Load distributuion?

I am building a grape press for harvesting the juice. I figure with only 10# pressure on my crank I am generating about 3,000# force. Will that force be distributed between the top and bottom evenly or will I have 3000# force on both ends. I am worried about my upper beam not standing up to the load. I used a 2X4 and an rethinking it now.

Something like this? PRESS

If so, though i do not know how to figure force distribution exactly, i am pretty sure the force on the bottom will be spread out if it is like the picture, but on the top will be concentrated at 3 points.

Where the screw crank is, and at the fixing bolts on the ends of the cross beam.

Seems like 4x4 would be a better way to go?

Very similar to that, I have finer threads so more leverage. I have 2 each 2X4 's across the top side by side. My question really had more to do with top and bottom total force and not so much the points where it would be applied. I know when I test the breaking strength of string each loop has 1/2 the total tension when pulling. I am thinking it would be the same when pushing against two points but not positive.

Your descriptions are very confusing. At least to me.

How do the two “2x4s across the top” share the load? How are they arranged?

As a *general *rule forces will apportion themselves symmetrically around the geometry. But, and it’s a biggie, …

Depending on tolerances and such you may end up with the vast majority of the force going down one path at first until the whole device bends into a force-symmetric shape. Thereafter the forces pass symmetrically, but meanwhile you’ve applied a massive bending force to the device. Which may break it promptly or start pulling out fasteners, etc.

Until we can see a drawing or a picture we’re guessing about what you’re describing.

Think of 2 upright 2X4’s about 40" long, the narrow side is facing you, these will be feeling tension stresses. Now at the top and bottom of these two upright I have screwed in a cross 2X4 joining them at about 16" apart, I have one going across the face and once going across the back at the very top and bottom of the uprights, So a total of 4 cross 2X4s. Think of a jack in the middle of this frame pushing the top and bottom apart.

The more I think about it I am pretty sure both top and bottom would feel the full force of the load and even though they are equal one would certainly fail before the other.

Your 3000 lb spreads out over the cross sectional area “A”, being the area of the moving plate of the press.
So P , pressure = 3000/A , (units of lb per square inch ).

The grapes being mostly fluid, the pressure is then applies to the top plate, the sides and the bottom, equally , everywhere.

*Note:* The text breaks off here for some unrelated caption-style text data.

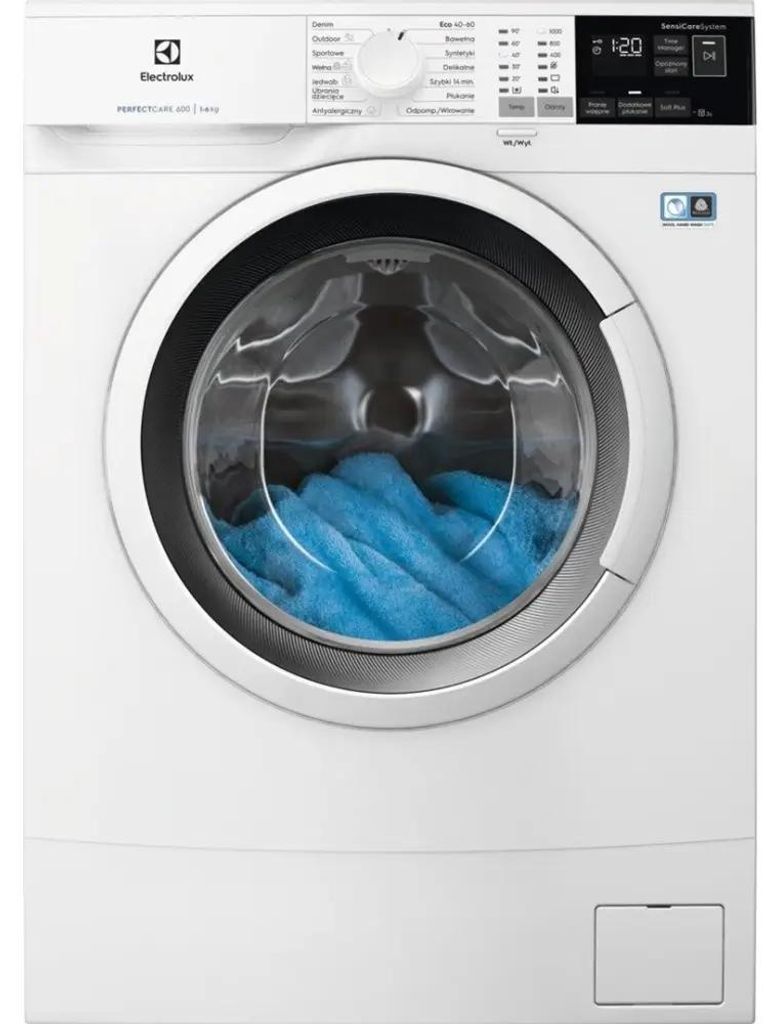 Electrolux PerfectCare 600 EW6SN406WP Waschmaschine Produktbild 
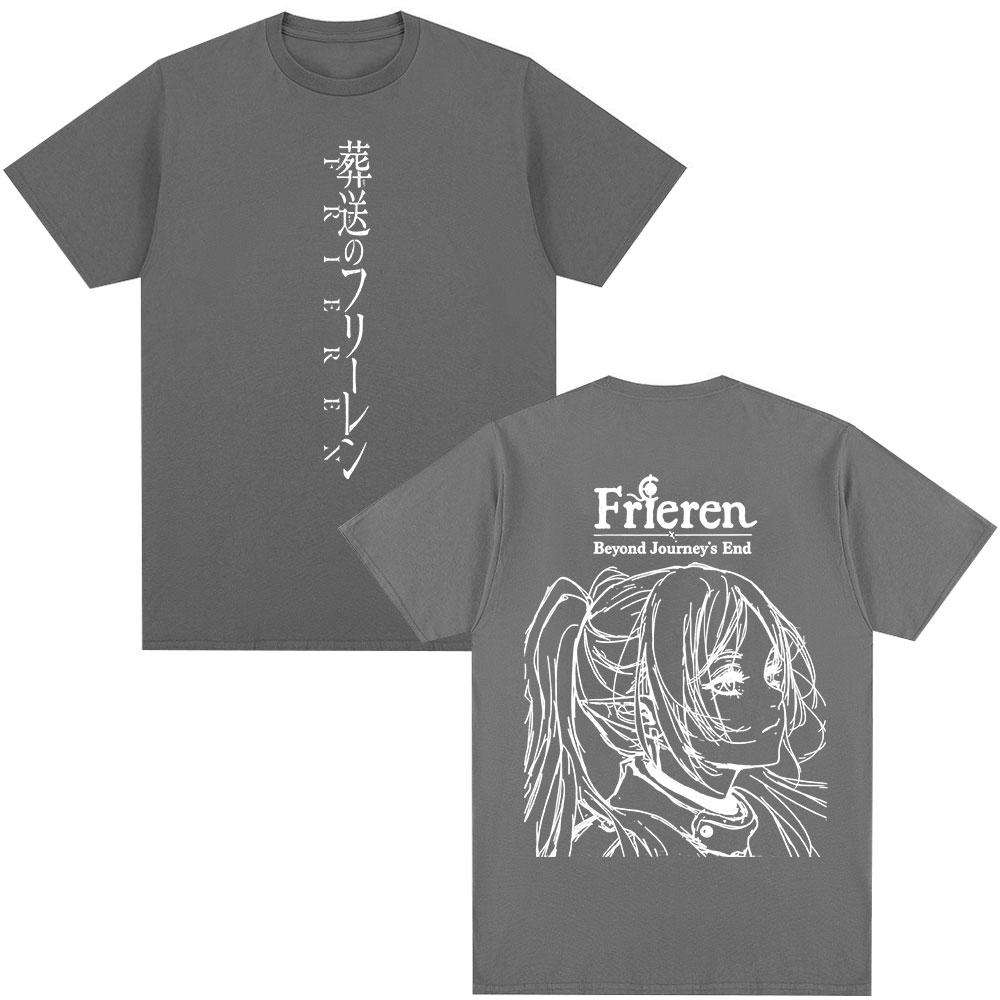 Anime Frieren Beyond Journeys End Frieren Tshirts Mens Women Clothing Fashion Short Sleeve Cotton Summer T Shirts Streetwear L
Anime Frieren Beyond Journeys End Frieren Tshirts Mens Women Clothing Fashion Short Sleeve Cotton Summer T Shirts Streetwear L
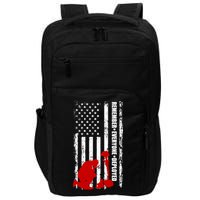 Remember Everyone Deployed Support Our Troops Impact Tech Backpack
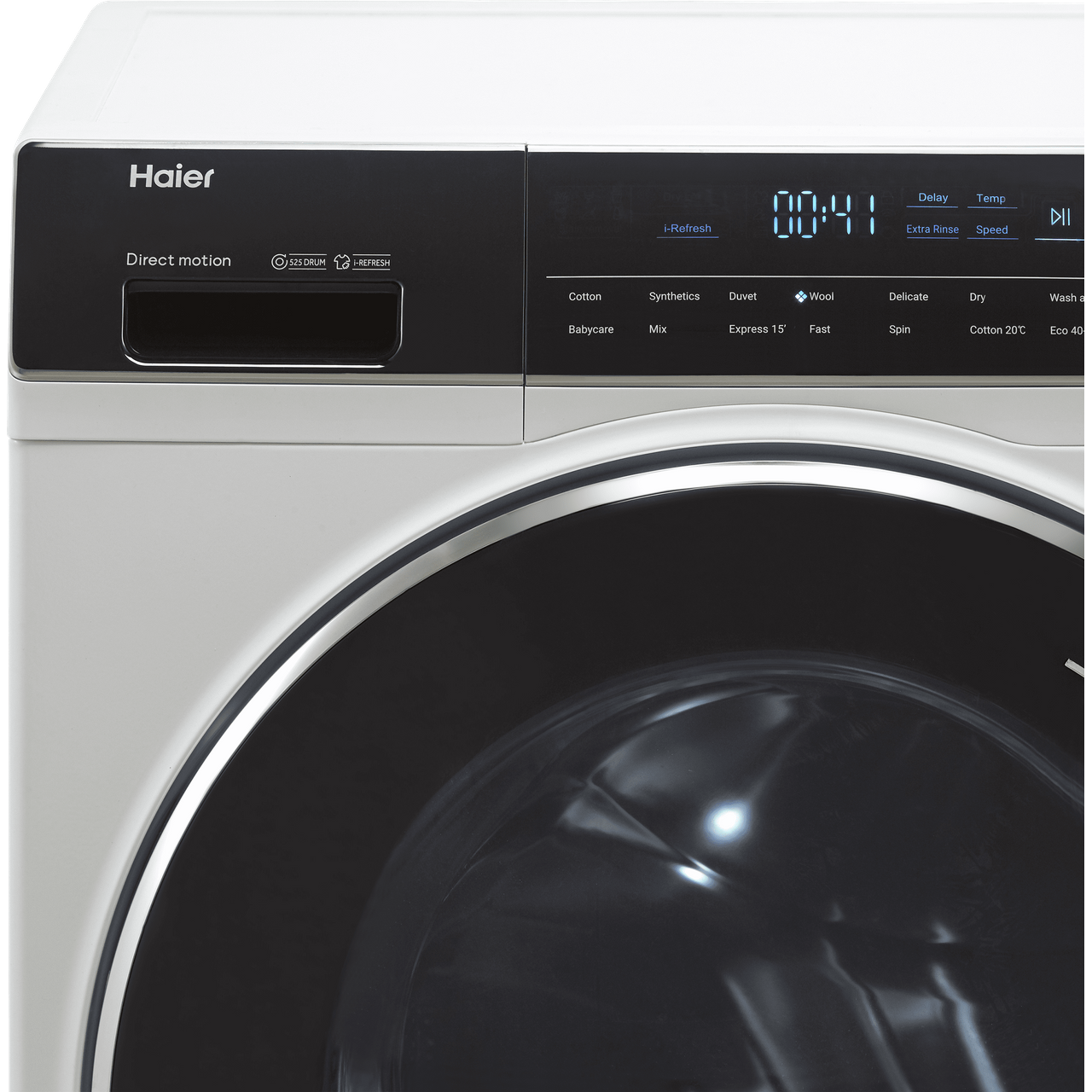 Haier - Spotless: this is how the Haier HWD120-B14876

Except gravity is adding a little pressure with depth, but thats a tiny amount of force , if its only a foot deep of grapes and grape juice, so lets ignore that.

So… you can calculate the force on each piece of wall and each piece of floor by pressure * area too… Its the same pressure produced by the moving plate…

Since you’re making a press it’s not quite as you describe with a jack between the top and bottom cross beams. In a press the jackscrew will have be imparting force through the threads in the upper cross beam while imparting force to the bottom cross beam through a flat plate spread across some portion of that beam, but it’s not fixed to the lower beam so the beam can distort more, but in a press that plate will actually be quite large. Which end has the greatest contact area depends on the size of the threads but in a press the bottom plate probably has much more surface area and the bottom of the press is not just a crossbeam but a large platform to hold the bucket. If you look at most presses like the link in post #2 the cross beam at the top will use some form of arch to strengthen it and probably be may of metal instead of wood while the much larger bottom has a lot area that the force is spread over.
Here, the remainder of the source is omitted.